Accuracy in Media

Facebook introduced a new censorship policy today that has gone full-on woke, using terms from Critical Race Theory (CRT) like “intersectionality” to protect two new classes of people; journalists and human rights activists. Facebook described them as “involuntary public figures.”

Both journalists and human rights workers rely heavily on social media to get their message out and Facebook says they are people who might be “vulnerable and marginalized” on Facebook.

Hence, the new policy.

 

Human rights workers outside of the U.S. might be “vulnerable and marginalized” but can the same be said for journalists inside the United States?

Not by a long shot. Journalists are among the most elite in the country. They are hardly public figures by accident. Anyone who writes for a living or who performs for an audience — which includes journalists — wants the largest number of people to pay attention to them.

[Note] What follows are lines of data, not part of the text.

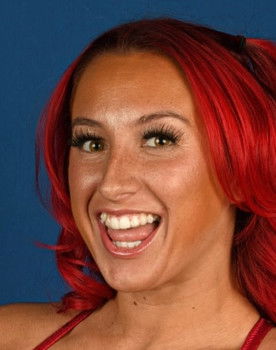 Melissa Fierce as Melissa Fierce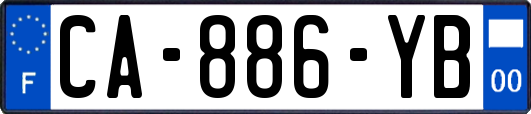 CA-886-YB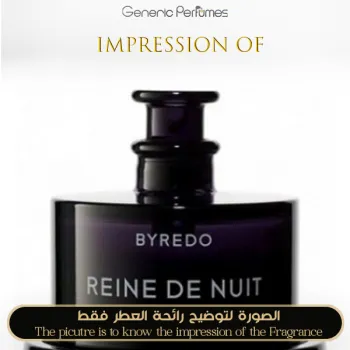 Byredo - Reine de Nuit Unisex - A+ Byredo Premium Perfume Oils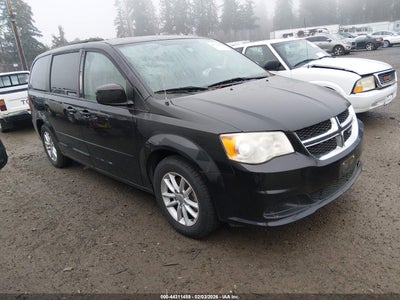 DODGE GRAND CARAVAN 2016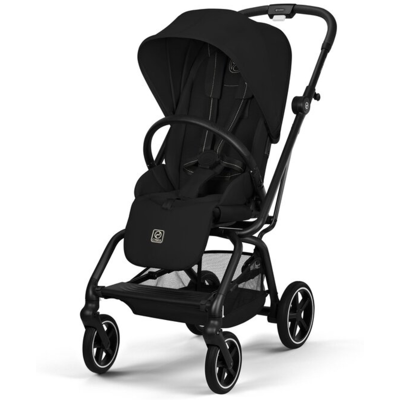 Cybex Gold Passeggino Leggero Eezy S Twist Plus 2 Magic Black Magic Black Cybex Gold Passeggino Leggero Eezy S Twist Plus 2 Magic Black Magic Black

And does “human rights activists” include someone like Stacey Abrams, the Georgia gubernatorial candidate who claimed the election was stolen from her?

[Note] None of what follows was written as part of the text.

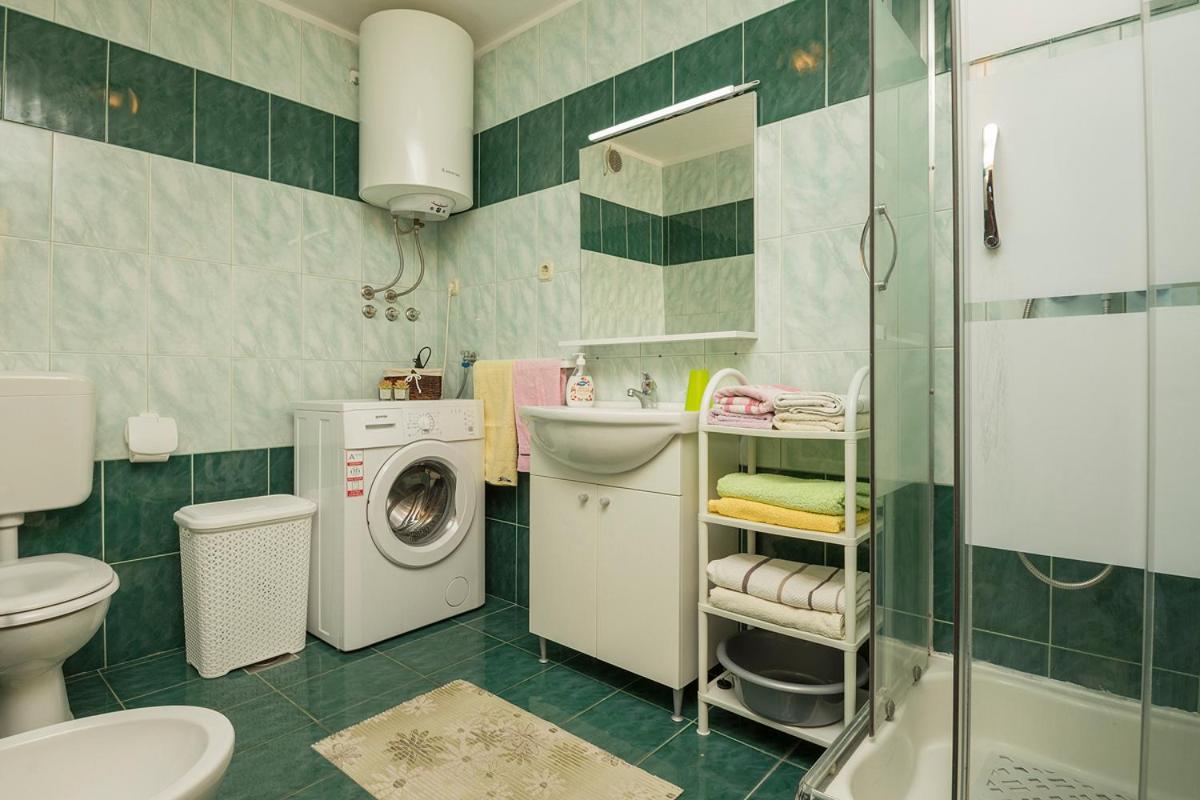 Apartman, studio and room Kata - Hizvo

Democrats like to pitch her as a civil rights activist, despite her false claim the election was stolen from her. Is that the same as a “human rights” activist?

And as far as marginalization goes, Abrams just got a 29 million dollar investment from venture capitalists to expand her company following the $9.5 million she got previously.

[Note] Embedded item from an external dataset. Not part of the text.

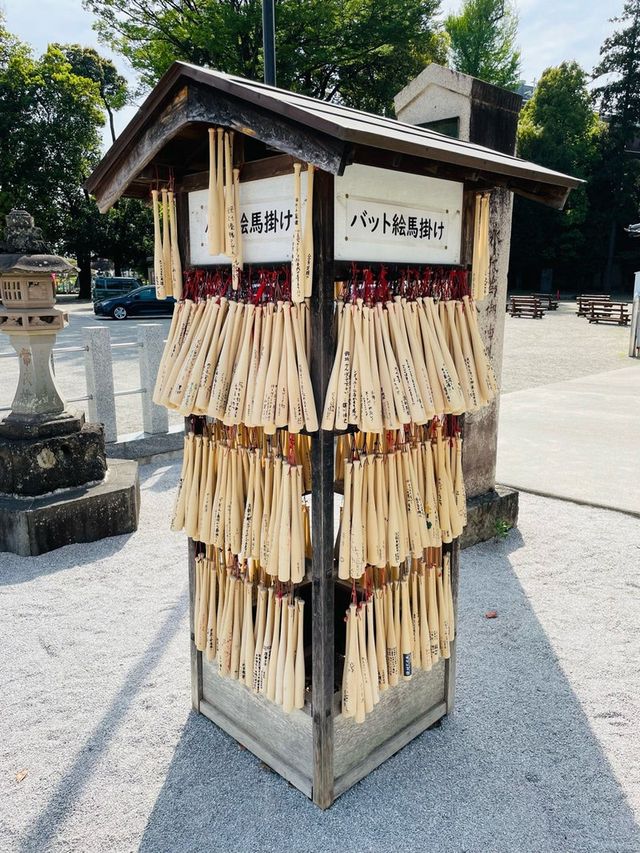 【埼玉県/箭弓稲荷神社】2023年行ってよかった！埼玉県の神社①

But wait, there’s more to it than that. The CRT concept of “intersectionality” that Facebook is applying to human rights workers and journalists is unreasonable. It would submit that Abrams can be a millionaire but still be “vulnerable and marginalized” because she is a Black woman.

And she could be more “vulnerable and marginalized” if she were also gay. Three intersections are better than two.

 The same construct would suggest that CNN’s Don Lemon will be considered “vulnerable and marginalized” because he’s Black and gay.

That’s the concept of intersectionality at work.

Intersectionality says white men cannot be “vulnerable and marginalized.” Everyone else is “vulnerable and marginalized” more or less depending on how many “intersections” they have on the “vulnerable and marginalized” scale.

It’s the modern equivalent of having a vote — or extra votes — because you are a landowner.

While the idea of preventing people on Facebook from openly hoping for someone’s death, sexualizing them, comparing them to animals, or physically threatening them makes a lot of sense. This new policy for “vulnerable and marginalized” journalists and human rights workers has created a class of people who will be exceptions to the rule.

Their cases will be judged by different standards than everyone else. They will have more protection and others will have less.